The Directive was last amended in 2012 in order to further adapt the European Union's legislation to developments at international level under MARPOL Annex VI. Since 1 January 2015, stricter sulphur limits for marine fuel in SOx Emission Control Areas (SOx ECAs) apply (0,10 %) as well as in sea areas outside SOx ECAs (3,50 % until 2020). In addition, a 0.1% maximum sulphur requirement for fuels used by ships at berth in EU ports was introduced from 1 January 2010. Furthermore, passenger ships operating on regular services to or from any EU port shall not use marine fuels if their sulphur content exceeds 1,50 % in sea areas outside the SOx ECAs.
The Sulphur Directive stipulated that there was an urgent need for a stronger and harmonised monitoring and enforcement regime in order to ensure the proper implementation of the revised Sulphur Limits by ships calling EU ports. However, there was originally no provision for a dedicated tool to be used to cater reporting, targeting, and sharing the results of the findings of performed inspections and fuel verifications on a daily basis. After the adoption of the Directive, the European Commission (DG ENV), upon request by a number of Member States, invited EMSA to assess the possibilities of further assistance in the cost-effective implementation of the Sulphur Directive and noting the possibility of economies of scale through the use of existing infrastructure (THETIS covered by the Port State Control Directive) and supporting arrangements. Hence, Commission delegated to EMSA the task of developing a dedicated module in THETIS to serve as an EU platform to record and exchange information on the results of individual compliance verifications carried out by member States competent authorities under the Sulphur Directive.

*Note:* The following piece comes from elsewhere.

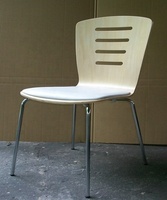 Chaise de salle à manger contemporaine en bois courbé avec structure en fer pour la maison, le bureau, l'appartement, l'hôtel, la villa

To this end, EMSA extended THETIS by developing a THETIS-EU new dedicated module (originally named THETIS–S) users, depending on their access rights and on voluntary basis, are able to record and exchange data on inspections and verifications foreseen also by EU sulphur in fuel legislation but also targeting and alerts on the basis of predefined requirements set by EU legislation is possible to prioritise ship inspections based on risk. THETIS-EU, in operation since 1st of January 2015, has been successfully used by the EU Member States and is recognised today as a key enforcement best practice also worldwide allowing almost real-time monitoring of sulphur compliance and catalysing joint efforts towards building a sulphur compliance culture across the EU.
Publicly Available Data
Considering that THETIS-EU is a dedicated and voluntary environmental ship inspection scheme recognised by the Commission Implementing decision 2015/753 adopted under the Sulphur Directive, the display of relevant information to the general public intends to offer transparency in respect to the overall compliance with the Sulphur Directive and in alignment with EU air pollution reduction policies. It also intends to provide indications on the extent by which EU Member States and industry has so far complied with the stricter rules and assess the effectiveness of the intensified enforcement measures that EU Member States have implemented, as well as areas which may require further policy or enforcement action.

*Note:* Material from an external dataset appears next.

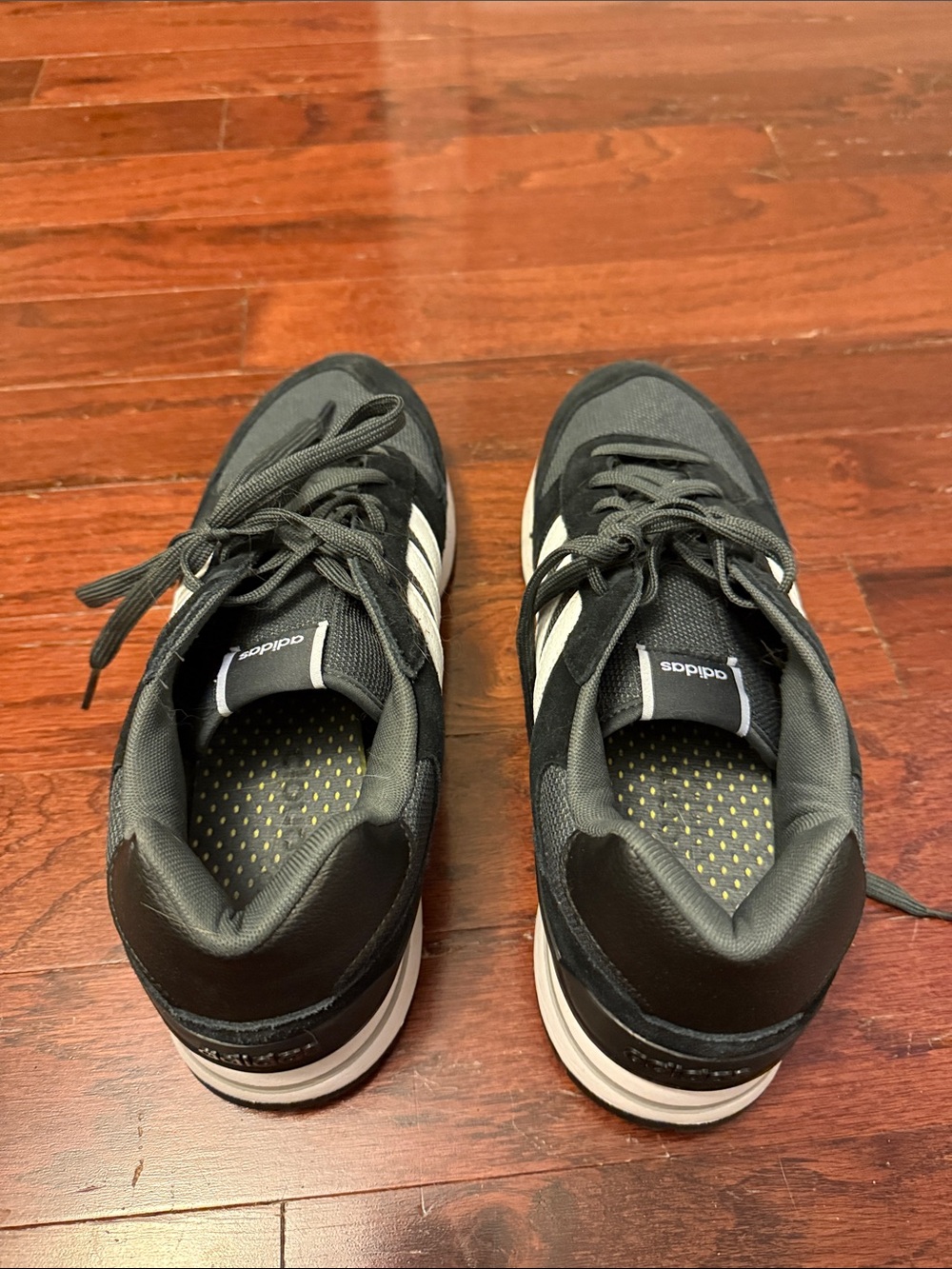 adidas Men’s Black & White Casual Sneakers - Picture 5 of 8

The data are presented in an anonymous aggregated form and will be updated on a daily basis.
All data published on this site and available to the public should be construed as for information purposes only. The collection of the data is a result of the voluntary contributions of the competent authorities of the EU MSs and as such may not be uninterrupted or error-free.
Therefore EMSA does not guarantee that the information is up to date at any given moment, as well as coherent or accurate.

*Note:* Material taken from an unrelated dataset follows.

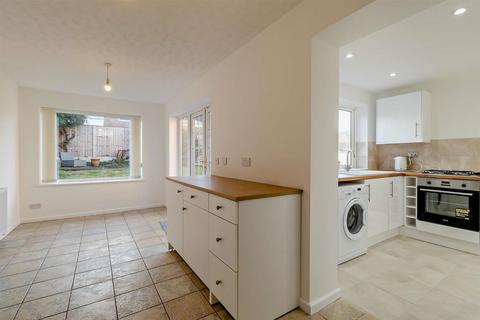 19 Carr Lane, Bessacarr, Doncaster, DN4 7PX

Whereas all efforts are pursued to ensure the correctness of the information published, EMSA or the authorities reporting to THETIS-EU, shall not be held liable for any incompleteness or erroneous results presented based on the data or the calculations rendering the results.
Similarly, EMSA or the EU MSs do not hold any responsibility in relation to any conclusion drawn from the statistics presented, which may be used by external parties in publications or through other means.